Determine probabilty of a sampled value being <= 40

Hi all! Brand new poster here, trying to think back to those stats classes that I hated at the time, but now seem fascinating. Ahhhh to be 18 again :)

Thank you for reading. I did see the "which test should I use?" post, but it's six years old and most of the links are broken :yup:

I have a business problem. I need to know if the drive time from one lat long to another is less than 40 minutes. I have a computer script which calls a mapping service for drive times at a regular basis and compiles many hundreds of samples. So my data set is a list of many hundreds of time values:

...and on...

My business has determined that a drive time longer than 40 minutes will make our driver late. We need to know the percentage chance of being late.

How can I determine the percentage chance that the next sampled drive time will be <= 40?

Please note I specifically did not say "the drive time itself will be <= 40," as we understand the mapping service is a proxy.

Also, I've just finished a TON of reading about frequentist confidence intervals vs. Bayesian credible intervals. The later has a definition more applicable to my case, but since I'm relying purely on sampled data, I'm willing to accept the former.

So this is basically a "which test should I use" question. Thanks so much for any thoughts!


TS Contributor
first a formal remark - a test will answer a question about your data, something like "is the average drive time less then 40 min?". You question is a bit different. I could see several approaches :

1. determine the distribution of your data and use this to calculate the probability of being over 40 min. E.g. if your data is normal with an average of 35 and std dev of 5 then your chance of being above 40 is roughly 15%. In this approach you would need to figure out the type of the distribution and the parameters.

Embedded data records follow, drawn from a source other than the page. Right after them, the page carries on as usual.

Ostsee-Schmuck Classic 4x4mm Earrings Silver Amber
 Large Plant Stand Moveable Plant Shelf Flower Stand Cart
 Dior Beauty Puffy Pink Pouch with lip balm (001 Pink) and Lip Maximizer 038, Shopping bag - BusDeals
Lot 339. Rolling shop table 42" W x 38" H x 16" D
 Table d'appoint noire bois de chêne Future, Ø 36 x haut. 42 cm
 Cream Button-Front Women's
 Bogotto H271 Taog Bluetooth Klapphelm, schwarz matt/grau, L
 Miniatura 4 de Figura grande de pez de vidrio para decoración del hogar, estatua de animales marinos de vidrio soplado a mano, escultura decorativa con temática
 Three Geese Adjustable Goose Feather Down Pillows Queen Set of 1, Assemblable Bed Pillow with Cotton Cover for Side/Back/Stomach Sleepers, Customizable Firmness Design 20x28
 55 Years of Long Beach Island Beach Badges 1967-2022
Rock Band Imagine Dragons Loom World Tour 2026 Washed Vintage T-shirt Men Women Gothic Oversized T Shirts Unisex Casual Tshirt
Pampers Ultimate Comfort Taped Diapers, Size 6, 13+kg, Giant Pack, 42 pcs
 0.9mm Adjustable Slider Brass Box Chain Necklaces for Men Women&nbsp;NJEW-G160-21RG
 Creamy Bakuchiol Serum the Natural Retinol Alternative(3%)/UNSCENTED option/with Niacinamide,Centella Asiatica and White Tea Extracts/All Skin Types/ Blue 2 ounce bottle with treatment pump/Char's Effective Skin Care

2. Just label any data point that is below 40 as PASSED and any data above as FAILED then calculate the percentage failed and the confidence interval based on the Bernuolli distribution.

In both cases the underlying assumption is that drive times are independent random variables. I would definitely look at patterns first - does the day of the week, or the time of day influence the drive times? Is there any link between drive times, like after a late drive you might have a higher (lower) probability of being late again? this sort of thing.

Good luck
Yes, thanks. I realized last night that a lot of the tests answer questions about the mean. I don't really care about the mean, but just the chance of a sample being <= 40 minutes.

And we do break them up into weekday / weekend and rush hours / non-rush hours.
Currently we just label them pass/fail and find the proportion that passed. I thought we might spruce this up with some hardcore statistics.

I like your two suggestions and I'll look into them a little more...thank you.